### WHAT THE TASK REQUIRES
Whenever a line of the records below contains the word "during", copy that line.

================================

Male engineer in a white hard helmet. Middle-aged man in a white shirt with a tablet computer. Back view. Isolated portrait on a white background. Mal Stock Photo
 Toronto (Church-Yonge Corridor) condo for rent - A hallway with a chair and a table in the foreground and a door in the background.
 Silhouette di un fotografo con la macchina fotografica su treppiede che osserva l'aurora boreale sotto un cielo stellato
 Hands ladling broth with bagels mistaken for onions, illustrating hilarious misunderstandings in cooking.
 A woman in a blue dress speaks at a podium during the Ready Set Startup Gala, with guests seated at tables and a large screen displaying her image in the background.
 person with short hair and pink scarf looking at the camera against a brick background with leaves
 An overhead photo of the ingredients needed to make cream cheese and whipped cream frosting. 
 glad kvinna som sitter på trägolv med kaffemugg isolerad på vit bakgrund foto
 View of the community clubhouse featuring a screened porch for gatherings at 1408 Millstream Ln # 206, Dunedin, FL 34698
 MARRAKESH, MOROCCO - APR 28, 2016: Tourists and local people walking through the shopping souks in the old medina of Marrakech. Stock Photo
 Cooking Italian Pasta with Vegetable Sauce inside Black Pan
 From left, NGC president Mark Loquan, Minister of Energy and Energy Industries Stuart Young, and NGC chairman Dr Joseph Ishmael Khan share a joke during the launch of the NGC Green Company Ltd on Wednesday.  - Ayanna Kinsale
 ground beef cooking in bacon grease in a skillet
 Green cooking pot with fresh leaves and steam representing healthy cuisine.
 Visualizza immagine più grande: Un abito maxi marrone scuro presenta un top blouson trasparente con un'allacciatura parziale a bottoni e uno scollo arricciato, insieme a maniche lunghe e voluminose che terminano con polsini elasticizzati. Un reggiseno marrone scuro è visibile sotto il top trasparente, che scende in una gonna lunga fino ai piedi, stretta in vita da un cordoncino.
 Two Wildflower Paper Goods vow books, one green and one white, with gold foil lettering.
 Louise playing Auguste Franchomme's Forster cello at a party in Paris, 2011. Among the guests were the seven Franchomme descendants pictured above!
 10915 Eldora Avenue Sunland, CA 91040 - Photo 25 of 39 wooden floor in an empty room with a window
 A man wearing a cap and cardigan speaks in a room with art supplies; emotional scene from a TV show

================================

### YOUR RESPONSE
 A woman in a blue dress speaks at a podium during the Ready Set Startup Gala, with guests seated at tables and a large screen displaying her image in the background.
 From left, NGC president Mark Loquan, Minister of Energy and Energy Industries Stuart Young, and NGC chairman Dr Joseph Ishmael Khan share a joke during the launch of the NGC Green Company Ltd on Wednesday.  - Ayanna Kinsale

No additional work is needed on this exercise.